White paint from most companies doesn't cover very well...It usually takes 3 coats unless you use Aura or BM's top of the line ceiling flat...For apartments I use Glidden Ultra,Cloverdale Hi-hide,General Paint hi-hide or BM's superspec...They are cheap ($19-$24 gal ), but are not washable in any sense of the word..


----------



## PaintSlave (Jan 9, 2011)

I'd prime that lime green if it's deep base, if it's an extra white base or within the top 3 colors of the color chip, skip the primer for sure. 

As far a selecting the proper paint, i don't feel you have given enough info..

If the walls are smooth, go with Showcase+ flat.

Ive done countless apartment complexes and if there isnt texture on the walls its not worth the time use a paint with sheen. 

200 eg-shel, now called 200 satin is really bad about flashing on sun walls and chalks after 2 years.

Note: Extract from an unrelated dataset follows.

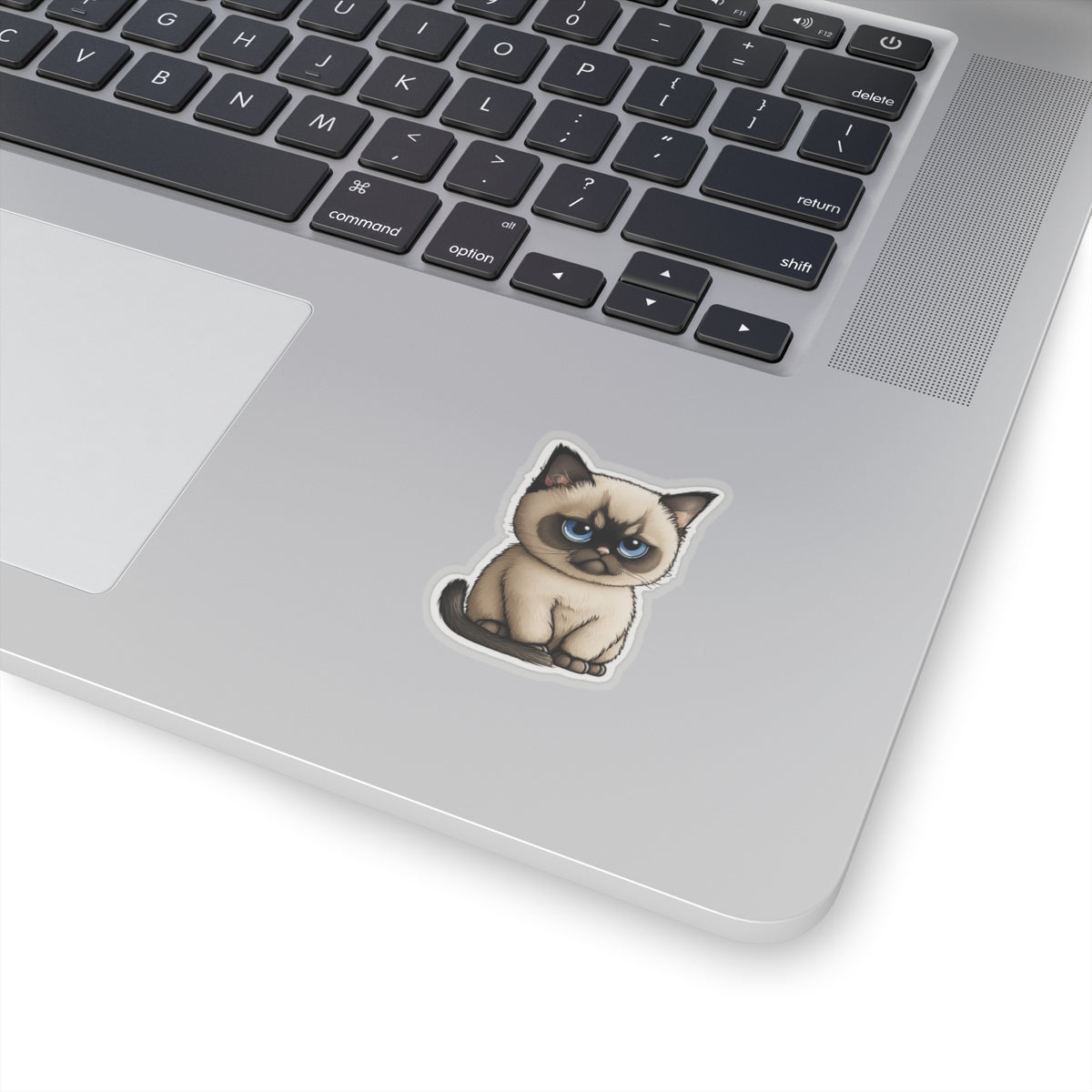 Kiss-Cut Sticker of cute funny cat kitten for your collection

Dont forget to strain your paint!
pAiNtSlAvE


----------



## Sling'n_Paint (Apr 6, 2021)

I would do a primer coat, as mentioned above your over painting of vibrant colors will at times flash through two coats. I'd use Promar 200 to prime ceilings. However for finish coats I would instead use Duration. Its coverage is great and with two coats on top on primer it should cover the green no problem. I did a church with ceilings, we got away with primer and one finish and turned out great. Of course we used our Titan 1140 sprayer for primer and rolled the finish with 18in setups. Best of luck though and hope it turns out great!


----------



## Wildbill7145 (Apr 30, 2014)

Just so you know Sling'n Paint, that job probably got finished 10 years ago.


----------



## Sling'n_Paint (Apr 6, 2021)

Wildbill7145 said:


> Just so you know Sling'n Paint, that job probably got finished 10 years ago.


Lol I appreciate the heads up. I'm new to the site and was surfing through. Thanks again.


----------



## Wildbill7145 (Apr 30, 2014)

No problem. Welcome to the forum.


----------



## Sling'n_Paint (Apr 6, 2021)

Thank you


----------